My long awaited carbon gyuto arrived after 15 months in limbo !
248 mm x 51 mm, my scale at home is busted so will weigh it at work but it feels nice in-hand. 
Did any of yours also come with an OOTB edge that can split atoms ?


----------



## TSF415

Hamesjo said:


> My long awaited carbon gyuto arrived after 15 months in limbo !
> 248 mm x 51 mm, my scale at home is busted so will weigh it at work but it feels nice in-hand.
> Did any of yours also come with an OOTB edge that can split atoms ?



mine came with a ootb that split itself on an onion root  I get to adjust the bevels sooner than later


----------



## Hamesjo

Oh no! Yeah I'm definitely nervous to use it without putting a slight microbevel on, but the edge is so keen it makes me hesitant to alter it.


----------



## Hz_zzzzzz

The heiji bevel is low so I think if it’s not zero edge it’s gonna wedge in some produce. I would keep it as thin at the edge as possible.


----------



## EShin

deskjockey said:


> Any idea what his semi-stainless is? He confirmed it is not SKD11 or D2 but, his English is a little rough so I may have missed part of his response.
> 
> I'm not a steel snob but, I also want an idea of what it is as I don't want a repeat of some of the steels I have had in the past. And yes, I realize heat treat matters most as I have had brittle ATS-34 that also tarnished easily (and unusually) and a 1095 knife that amazed me with rust resistance and edge holding (to the point I would have questioned if it was actually 1095 had I not known the maker).


"SKD差し込み (SKD inserted?)" written on the box here. If it's not SKD11, it should be SKD12, as many people here have guessed.


----------



## M1k3

EShin said:


> "SKD差し込み (SKD inserted?)" written on the box here. If it's not SKD11, it should be SKD12, as many people here have guessed.


Sharpens like SKD12.


----------



## Hz_zzzzzz

The reactivity is also like SKD12.


----------



## Hamesjo

Hz_zzzzzz said:


> The heiji bevel is low so I think if it’s not zero edge it’s gonna wedge in some produce. I would keep it as thin at the edge as possible.

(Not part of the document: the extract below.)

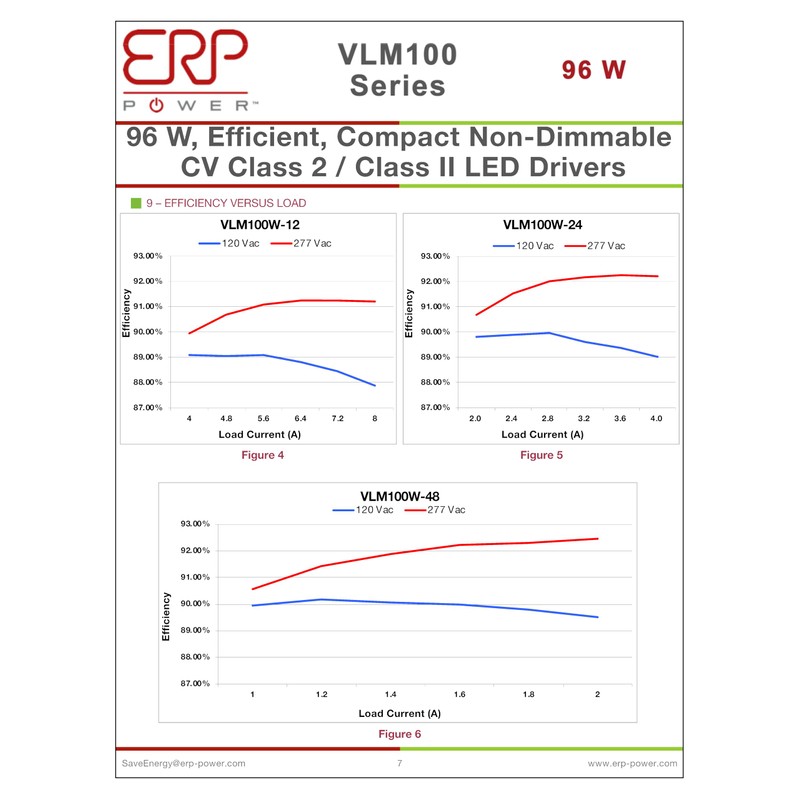 LLS ERP VLM100W-48 2A 48V Constant Voltage LED Driver LLS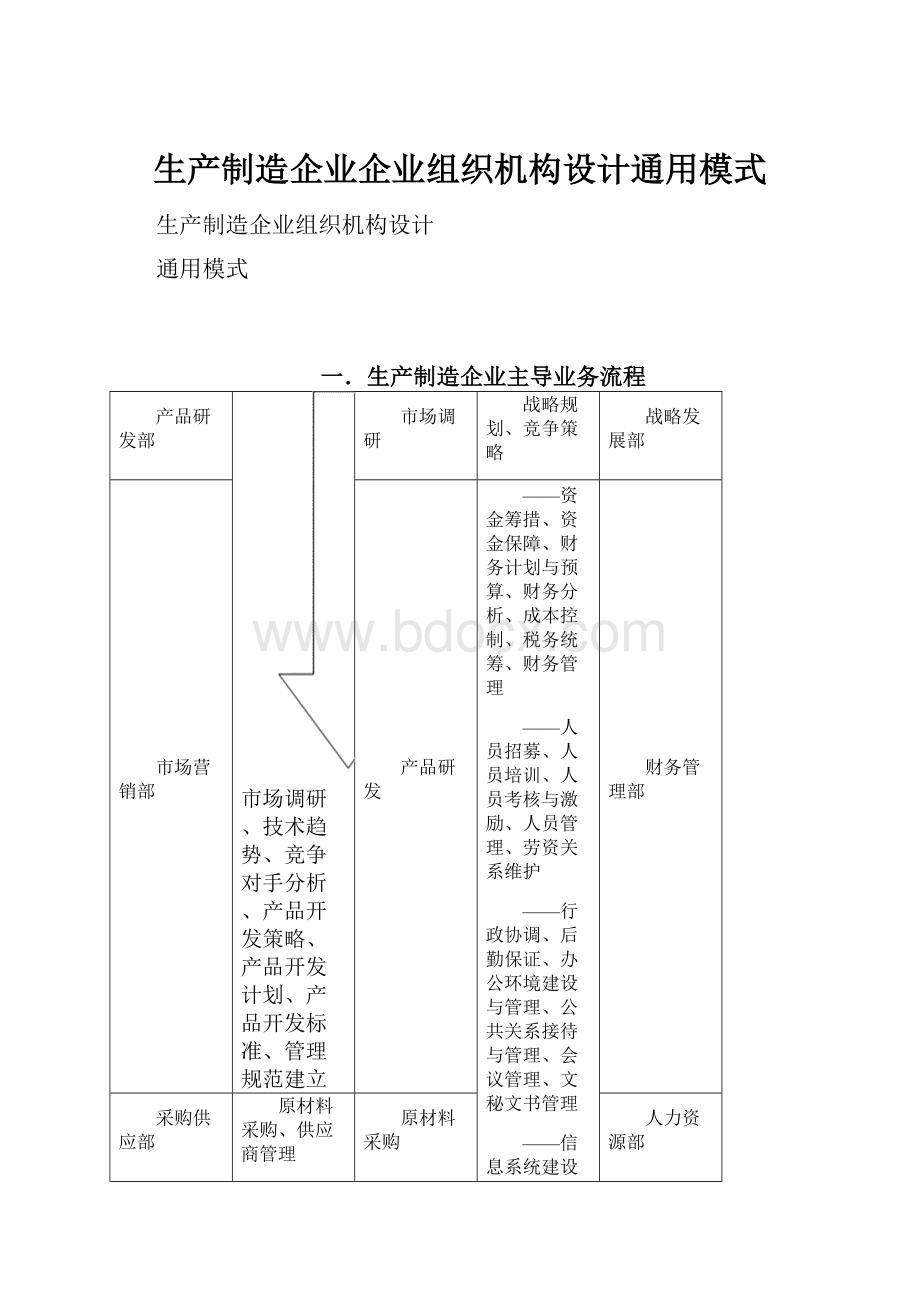 生产制造企业企业组织机构设计通用模式.docx_第1页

I like the feel of the zero edge but it's micro-chipping even on a soft cutting board and vegetables so I put a micro bevel on with a finishing stone. 
The bevel makes it wedge on produce regardless so I'd rather have a micro bevel on to reduce chipping


----------



## M1k3

Heiji SS 240 Gyuto arrived
246mm X 51-52mm
Will measure weight tomorrow when I get to a scale. Needs some sandpaper love.


----------



## tcmx3

Hz_zzzzzz said:


> My 240 SS arrived today. It's a 249 gram beast. 250mm*52mm. The bevel of the front half is taller while it gets lower nearing the heel.
> 
> View attachment 130677
> View attachment 130678



if this knife was carbon you'd probably be having an unfortunate accident and Id be enjoying my new Heiji right about now


----------



## Hz_zzzzzz

tcmx3 said:


> if this knife was carbon you'd probably be having an unfortunate accident and Id be enjoying my new Heiji right about now


Haha. I'm thinking about ordering a carbon Heiji suji. I really love the steel of my Shig which get scary sharp in ridiculously short amount of time, and all you guys have been saying the Heiji carbon is similar or even better. I don't have a carbon suji yet and I probably don't need one, but I'm really curious about the steel.


----------



## M1k3

M1k3 said:


> Heiji SS 240 Gyuto arrived
> 246mm X 51-52mm
> Will measure weight tomorrow when I get to a scale. Needs some sandpaper love.View attachment 133128
> View attachment 133129
> View attachment 133130
> View attachment 133131
> View attachment 133132


Weighs in at 234 grams.


----------



## panda

Hamesjo said:


> My long awaited carbon gyuto arrived after 15 months in limbo !
> 248 mm x 51 mm, my scale at home is busted so will weigh it at work but it feels nice in-hand.
> Did any of yours also come with an OOTB edge that can split atoms ?


yes it comes with high polish zero edge. completely useless in actual cutting use but it is impressively sharp.


----------



## panda

Hz_zzzzzz said:


> Haha. I'm thinking about ordering a carbon Heiji suji. I really love the steel of my Shig which get scary sharp in ridiculously short amount of time, and all you guys have been saying the Heiji carbon is similar or even better. I don't have a carbon suji yet and I probably don't need one, but I'm really curious about the steel.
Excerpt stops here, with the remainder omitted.